At the top of the review, I spoke of dreams and what our characters are dreaming of. This is still another parallel between Emma and Gideon; a dream of normalcy. Gideon didn't hang on to the book Belle sent with him because it's such a compelling story or just because of Belle's nice note inside, but because that book was his only tether to the idea that life could get better, that it could be normal if only he could find his family. That book is Emma's blanket, and her bug, and her swan necklace. It's Gideon's totem that keeps him hoping that he won't be alone for his next birthday. The desire for normalcy and for an end to these stories of villains and heroes is all over the episode and season. Henry is going into trances because his storybook knows that it's the final chapter; Snow lamented at the very beginning of this season that her and Charming's life is one of lather, rinse, repeat and it spurred her to go back to teaching (incrementally, I have to assume, given how little we see her do it and how she's currently spending huge swaths of time asleep). I don't want to read authorial ennui or burnout into the show but never before has it truly felt like the writers were gearing up for "the end." This isn't to say that the writers are sick of their show but that even they know it's time to draw this particular story to a close. Happily ever after has to come eventually, right? Even the Black Fairy, with what little we've seen of her, wants a more normal life, free from her constraints. Yes, she's a villain and that comes with a mad grab for power--and apparently child labor--but if they don't turn her story on its head and reveal that she was made evil but something traumatic, I'll eat Emma's red leather jacket. My point is that the show is trying to tell us something and it's not the usual twaddle about hope and family; I think it's trying to tell us that this story--the one about this weird interconnected family of fairy tale characters--is coming to an end. That doesn't mean that another story can't start--the Sorcerer's House is full of books after all--but that this one in particular is ending and whatever normal means for those characters who have made up this bizarre little tale is coming, sooner than we think.

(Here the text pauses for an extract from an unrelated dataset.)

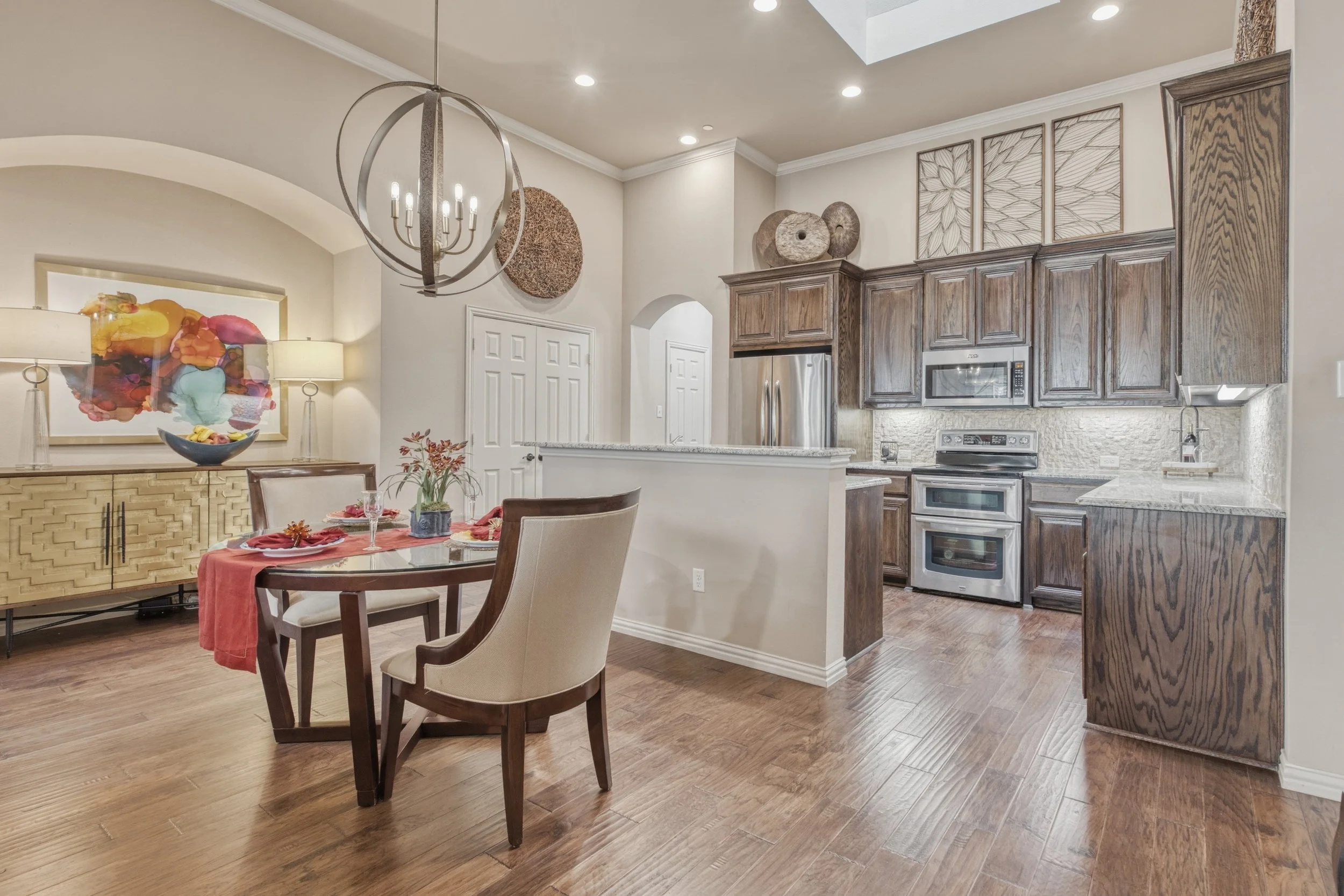 Open concept kitchen and dining area with wooden cabinets, stainless steel appliances, a small breakfast bar, a round dining table with four chairs, a modern chandelier, and wall decor.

Miscellaneous Notes on Mother's Little Helper

--Along with all the parallels between Emma and Gideon, the writers are going back to some season one iconic moments like revealing that the Black Fairy created the Dark Curse and that she gave Snow White the magic powder that turns people into bugs.

--I really have no idea why the Black Fairy created the Dark Curse, however. Also are we to believe that the reason she did not cast it was because she does not love anything at all?

--The Black Fairy called Gideon “Dearie.” Nice little inside joke

–“Freedom. Sports car. Big Apple. And Hamilton tickets.” I mean, I would honestly demand the same.

--The Black Fairy has Gideon’s heart. Thank god; a logical, no-nonsense canon compliant answer to why Gideon’s plans and understanding of Saviorhood makes zero sense.

--According to Emma, portals take extreme magic and do not just pop out of thin air. I call massive lies, writers.

--Snow White's hypocrisy is unnerving. In front of Belle, a person who has never wronged her, Snow declares that she'll help Emma kill Gideon because it's mother-daughter bonding. Didn't Snow learn anything from the incident with Mal and the dragon-egg-baby?

--Emma Swan, you have magic. When a giant spider is chasing you, do not run around the house. Poof out!